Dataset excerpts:
--
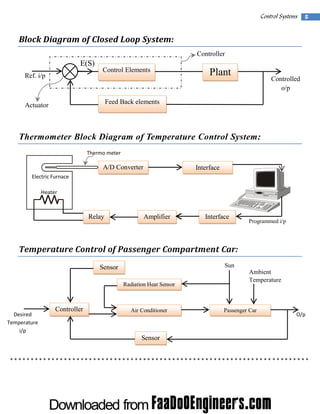 Control Systems

5

Block Diagram of Closed Loop System:
Controller

E(S)
Ref. i/p

Control Elements

Plant

Controlled
o/p

Feed Back elements

Actuator

Thermometer Block Diagram of Temperature Control System:
Thermo meter

A/D Converter

Interface

Electric Furnace
Heater

Relay

Amplifier

Interface

Programmed i/p

Temperature Control of Passenger Compartment Car:
Sun

Sensor
Radiation Heat Sensor

Desired
Temperature
i/p

Controller

Air Conditioner

Ambient
Temperature

Passenger Car

O/p

Sensor
************************************************************************

****************

 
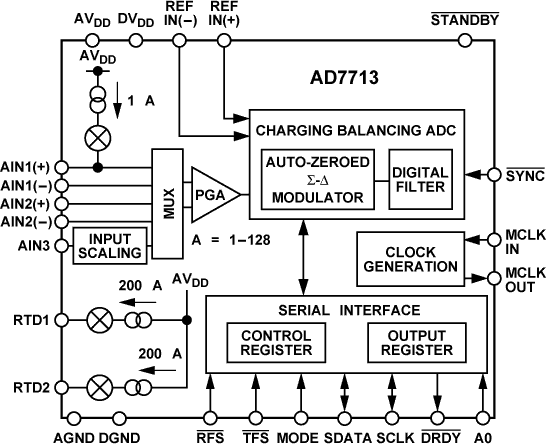 AD7713 Functional Block Diagram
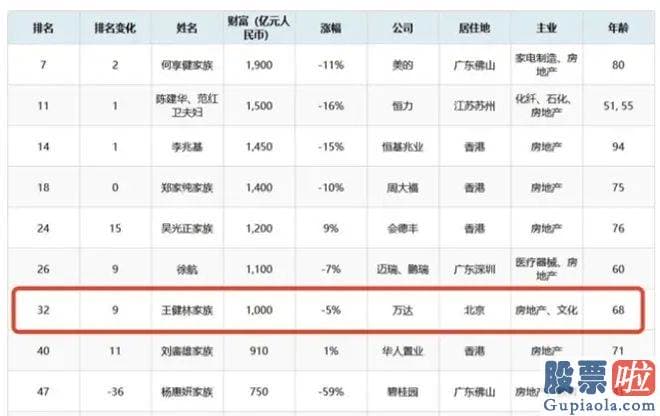 大盘指数分析预测：看起来都并不轻松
--
▶ **TASK BRIEF**: Reproduce exactly the lines from the one containing "Programmed i/p" through the last line of the records, both included, leaving out every picture.

▶ **RESPONSE TO THIS EXERCISE**:
Programmed i/p

Temperature Control of Passenger Compartment Car:
Sun

Sensor
Radiation Heat Sensor

Desired
Temperature
i/p

Controller

Air Conditioner

Ambient
Temperature

Passenger Car

O/p

Sensor
************************************************************************

****************

 
 AD7713 Functional Block Diagram
 大盘指数分析预测：看起来都并不轻松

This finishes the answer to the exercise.